## WHAT IS NEEDED
Retype the data that follows line by line, exactly, and leave its pictures out.

THE DATA Start Marker

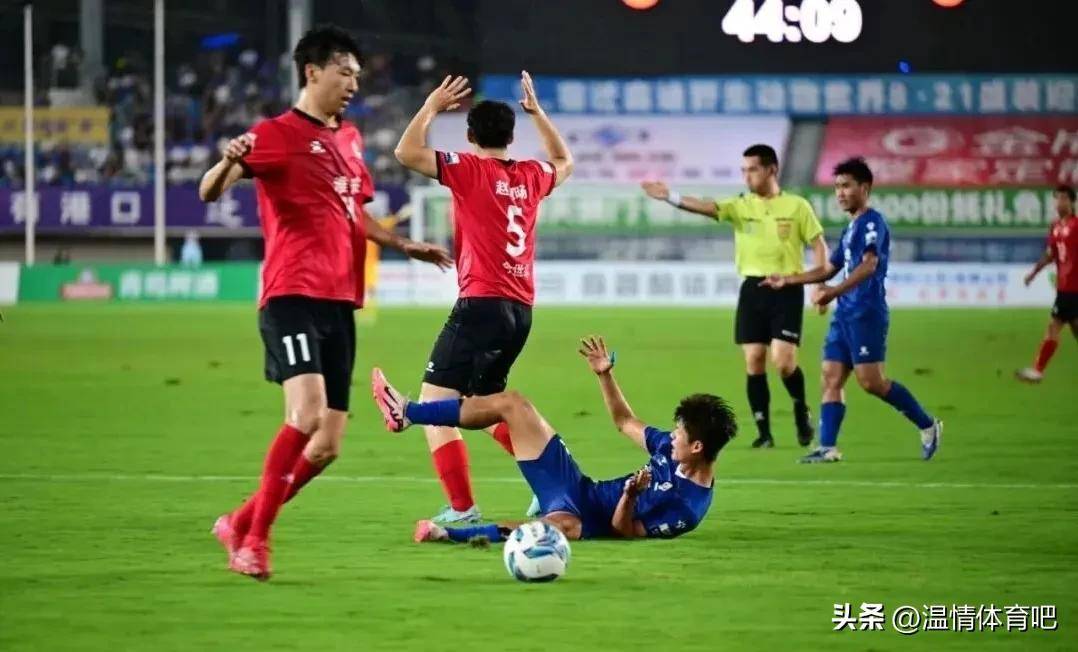 关于深圳马可波罗队迎战青岛国信双星队，胜者将赢得比赛的信息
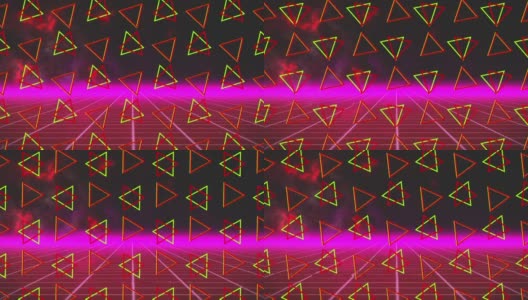 动画旋转的绿色和红色三角形在粉红色网格和发光的粉红色地平线高清在线视频素材下载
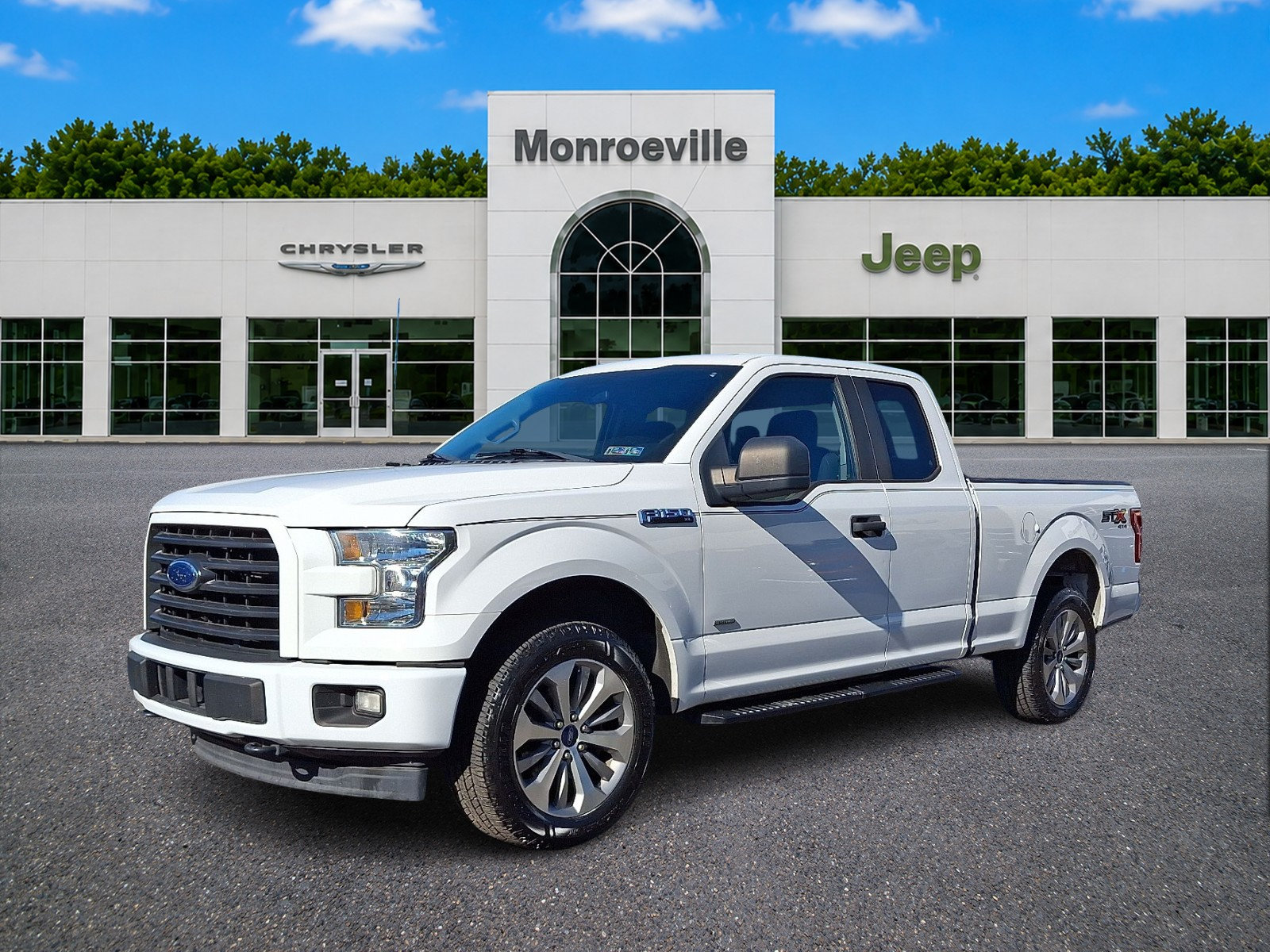 Used 2017 Ford F150 XL w/ Equipment Group 101A Mid AWD/4WD image 1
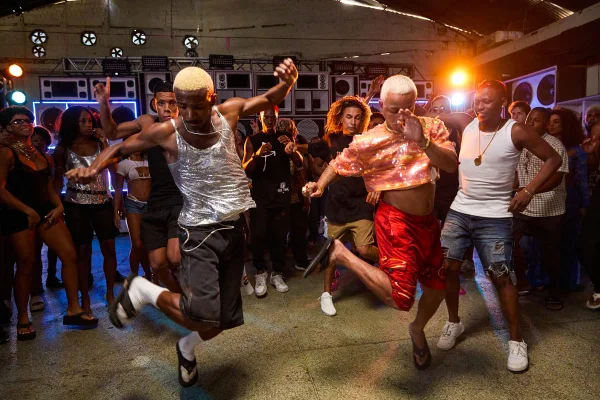 PACO RABANNE rio de janeiro campanha funk - metrópoles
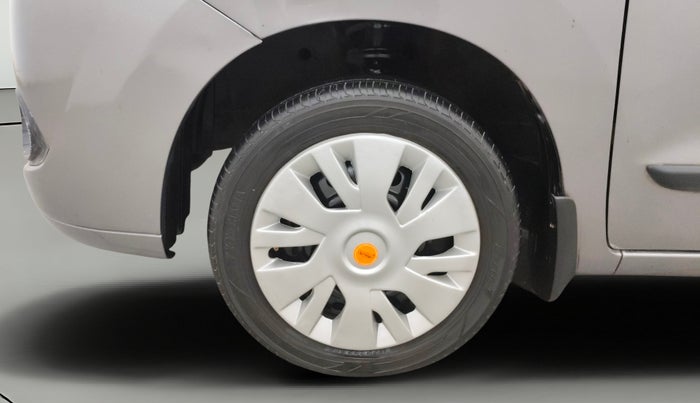 2012 Maruti Wagon R 1.0 VXI, Petrol, Manual, 97,754 km, Left Front Wheel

THE DATA End Marker

## RESPONSE BOX
 关于深圳马可波罗队迎战青岛国信双星队，胜者将赢得比赛的信息
 动画旋转的绿色和红色三角形在粉红色网格和发光的粉红色地平线高清在线视频素材下载
 Used 2017 Ford F150 XL w/ Equipment Group 101A Mid AWD/4WD image 1
 PACO RABANNE rio de janeiro campanha funk - metrópoles
 2012 Maruti Wagon R 1.0 VXI, Petrol, Manual, 97,754 km, Left Front Wheel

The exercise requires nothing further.